三种网页抓取方法
-
正则表达式
import re
url = 'www.baidu.com'
html = download(url)
re.findall('<tr id="places_area_row">.*?<td\s*class=["\']w2p_fw["\']>(.*?)</td>', html)
-
Beautiful Soup
这是一个非常流行的Python模块,该模块可以解析网页,并提供定位内容的便捷接口。
from bs4 import BeautifulSoup
broken_html = '<ul class=country><li>Area<li>Population</ul>'
# parse the HTML
soup = BeautifulSoup(broken_html, 'html.parser')
fixed_html = soup.prettify()
print(fixed_html)
结果:
<html>
<body>
<ul class="country">
<li>Area</li>
<li>Population</li>
</ul>
</body>
</html>
使用find()和find_all()方法来定位元素:
ul = soup.find('ul', attrs={'class': 'country'})
ul.find('li') # returns just the first match
ul.find_all('li') # returns all matches
-
Lxml
The lxml XML toolkit is a Pythonic binding for the C libraries libxml2 and libxslt. It is unique in that it combines the speed and XML feature completeness of these libraries with the simplicity of a native Python API, mostly compatible but superior to the well-known ElementTree API. The latest release works with all CPython versions from 2.7 to 3.9. (Source: https://lxml.de/)

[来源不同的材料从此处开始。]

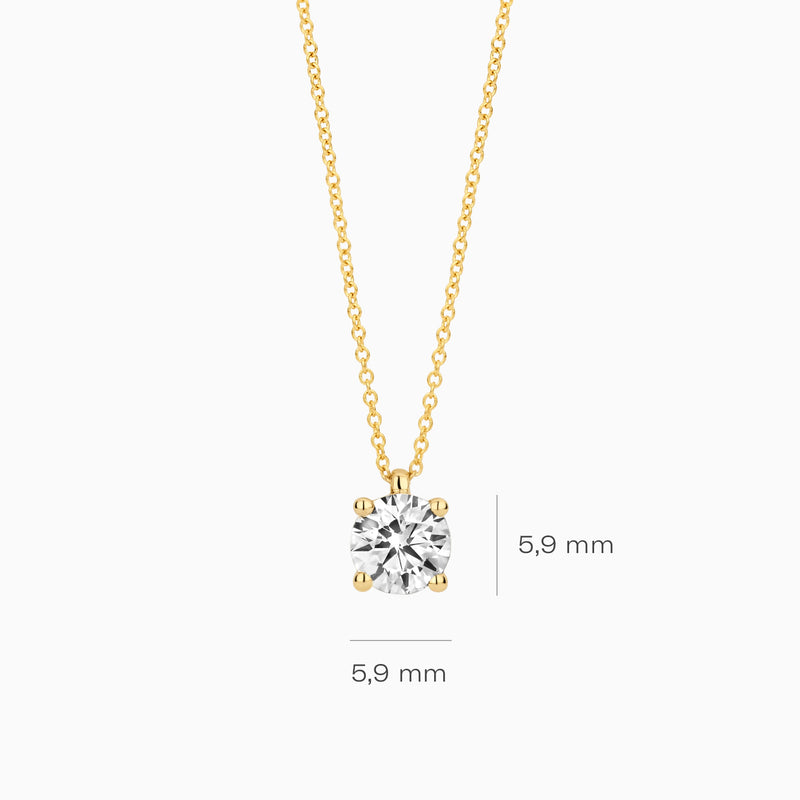 Lab diamanten collier 14k geelgoud met ronde diamant 5,9 mm centraal.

使用lxml模块的第一步是将可能不合法的HTML解析为统一格式,例如:
import lxml.html
broken_html = '<ul class=country><li>Area<li>Population</ul>'
tree = lxml.html.fromstring(broken_html) # parse the HTML
fixed_html = lxml.html.tostring(tree, pretty_print=True)
print(fixed_html)
结果:
<ul class="country">
<li>Area</li>
<li>Population</li>
</ul>
解析完输入内容之后,进入选择元素的步骤。lxml有几种不同的方式,比如XPath选择器、类似Beautiful Soup的find()方法,以及CSS选择器。
import lxml.html
tree = lxml.html.fromstring(html)
td = tree.cssselect('tr#places_area_row > td.w2p_fw')[0]
area = td.text_content()
print(area)
常用的选择器示例:
选择所有标签:*
选择<a>标签:a
选择所有class="link"的元素:.link
选择class="link"的<a>标签:a.link
选择id="home"的<a>标签:a#home
选择父元素为<a>标签的所有<span>子标签:a > span
选择<a>标签内部的所有<span>标签:a span
选择title属性为"Home"的所有<a>标签:a[title=Home]
总结
正则表达式在一次性数据抓取中非常有用,此外还可以避免解析整个网页带来的开销;Beatutiful Soup提供了更高层次的接口,同时还能避免过多麻烦的依赖;通常情况下,lxml是我们的最佳选择,因为它速度更快,功能更加丰富。